▶ _The task_
Omit all pictures. Quote the lines from the one with "Nos vélos : Vélos Urbains" through the end of the listing below, exactly as they appear.

Excerpted data: Begin

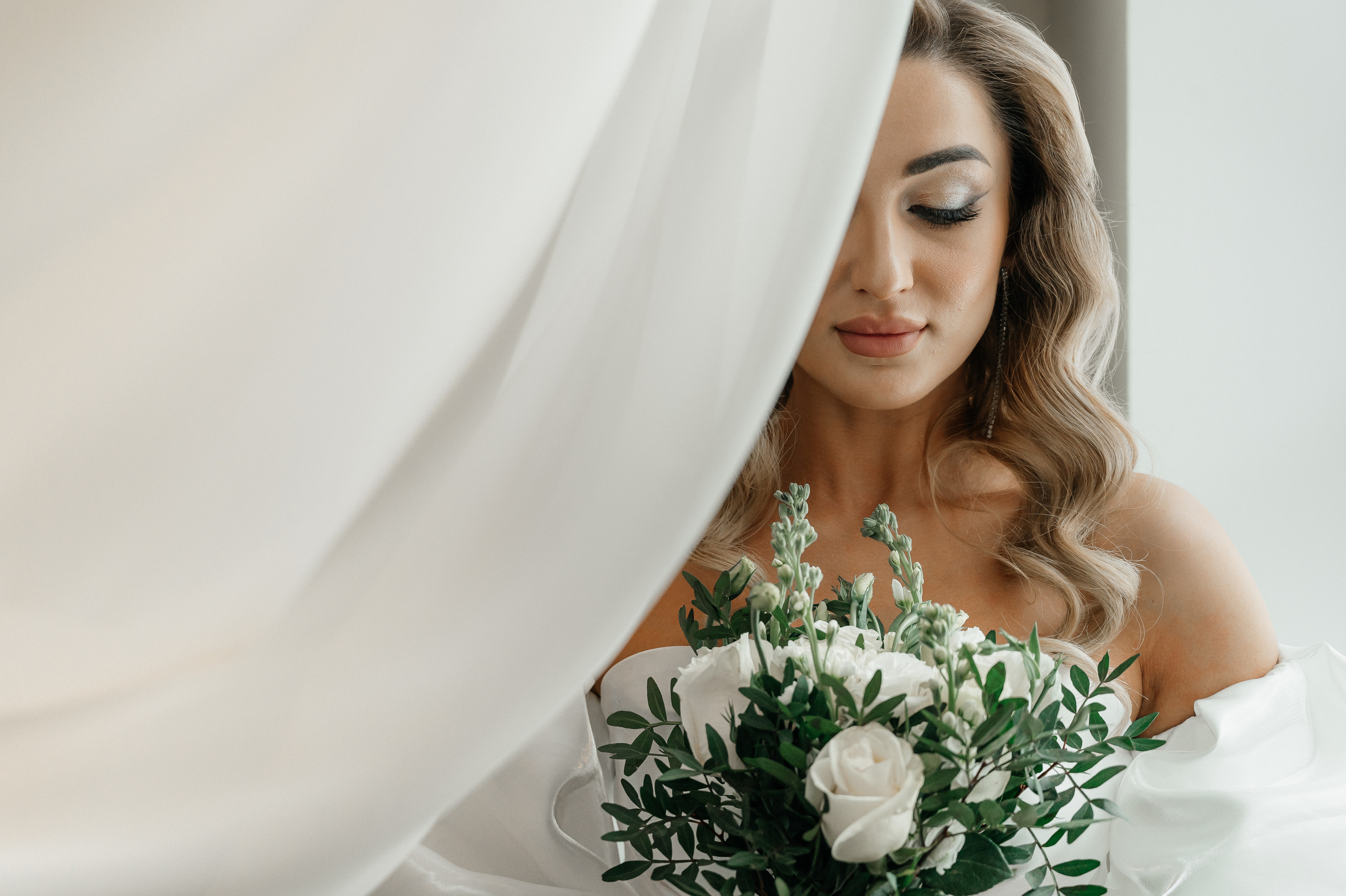 Свадьба Евгения и Екатерины. Фотограф Нижний Новгород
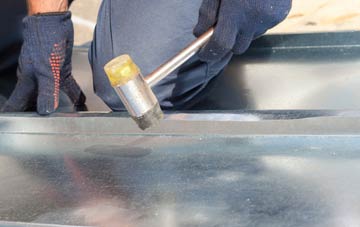 Tangley metal roofing costs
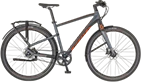 Nos vélos : Vélos Urbains
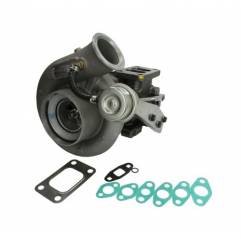 Turbosuflanta Motor F4AE0681A-F4AE3681E Iveco EuroCargo 504040250,504065520 - 1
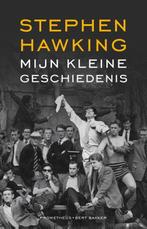 Mijn kleine geschiedenis 9789035141520 Stephen Hawking, Verzenden, Zo goed als nieuw, Stephen Hawking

Excerpted data: End

▶ _Written answer_
 Nos vélos : Vélos Urbains
 Turbosuflanta Motor F4AE0681A-F4AE3681E Iveco EuroCargo 504040250,504065520 - 1
 Mijn kleine geschiedenis 9789035141520 Stephen Hawking, Verzenden, Zo goed als nieuw, Stephen Hawking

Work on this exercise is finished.